Unlike the big Other, which represents a radical and irreducible alterity, the little other is "the other which isn't another at all, since it is essentially coupled with the ego, in a relationship which is always reflexive, interchangeable."
Lacan now begins to distinguish between a, the object of desire, and the specular image, which he now symbolizes i(a).
In the seminar of 1960-1, Lacan articulates the objet petit a with the term agalma (a greek term meaning glory, an orgnament, an offering ot the gods, or a little statue of a god) which he extracts from Plato's Symposium.
Just as the agalma is a precious object hidden inside a relatively worthless box, so the objet petit a is the object of desire which we seek in the other.

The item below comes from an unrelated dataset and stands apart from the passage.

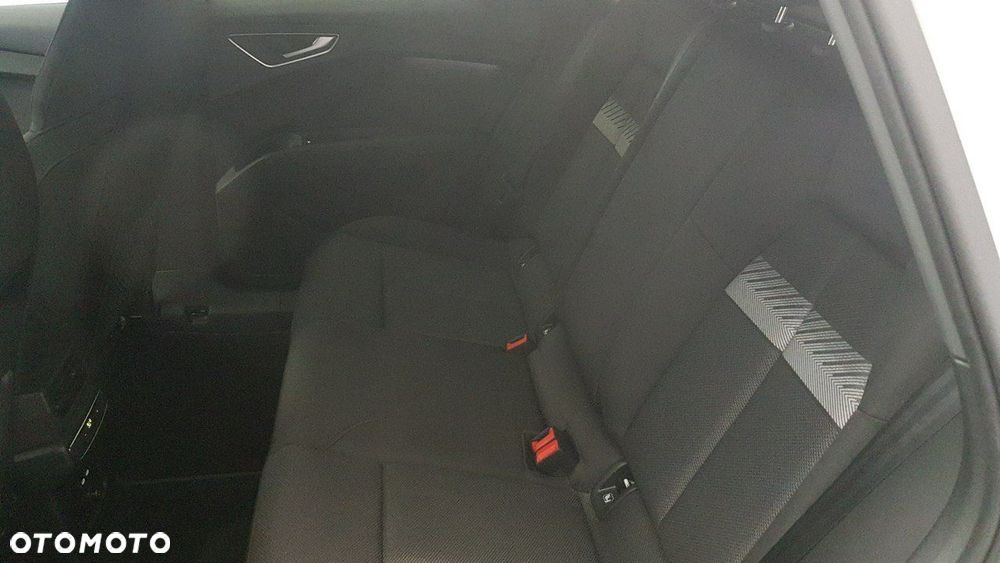 Audi Q4 e-tron - 17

From this point on, a denotes the object which can never be attained, which is really the cause of desire rather than that towards which desire tends; this is why Lacan now calls it "the object-cause" of desire.

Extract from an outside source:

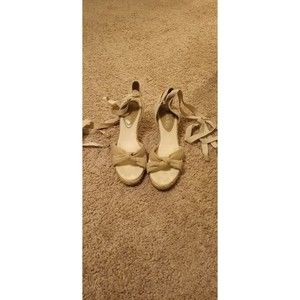 Michelle D Espadrille Wedge Lace up Heels Size 8.5.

The drives do not seek to attain the objet petit a, but rather circle round it.
It plays an increasingly important part in Lacan's concept of the treatment, in which the analyst must siutate himself as the semblance of objet petit a, the cause of the analysand's desire.
This is developed furhter in the seminar of 1969-70, in which Lacan elaborates his formulae of the four discoruses.

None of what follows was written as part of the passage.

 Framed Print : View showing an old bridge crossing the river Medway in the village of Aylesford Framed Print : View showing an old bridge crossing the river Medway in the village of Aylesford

In the discourse of the master, one signifier attempts to represent the subject for all other signifiers, but inevitably a surplus is always produced; this surplus is objet petit a, a surplus meaning, and a surplus enjoyment (Fr. plus-de-jouir).
- Sheridan. 1977
- Lacan, Jacques. The Seminar. Book II. The Ego in Freud's Theory and in the Technique of Psychoanalysis, 1954-55. Trans. Sylvana Tomaselli. New York: Nortion; Cambridge: Cambridge Unviersity Press, 1988. p.321
- Lacan, Jacques. Le Séminaire. Livre VIII. Le transfert, 1960-61. Ed. Jacques-Alain Miller. Paris: Seuil, 1991. p.177
- Lacan, Jacques. Le Séminaire. Livre XX. Encore, 1972-73. Ed. Jacques-Alain Miller. Paris: Seuil, 1975. p.77
- Lacan, Jacques. The Seminar. Book XI. The Four Fundamental Concepts of Psychoanalysis, 1964. Trans. Alan Sheridan. London: Hogarth Press and Institute of Psycho-Analysis, 1977. p.179
- Lacan. 1962-3. Seminar of 16 January 1963.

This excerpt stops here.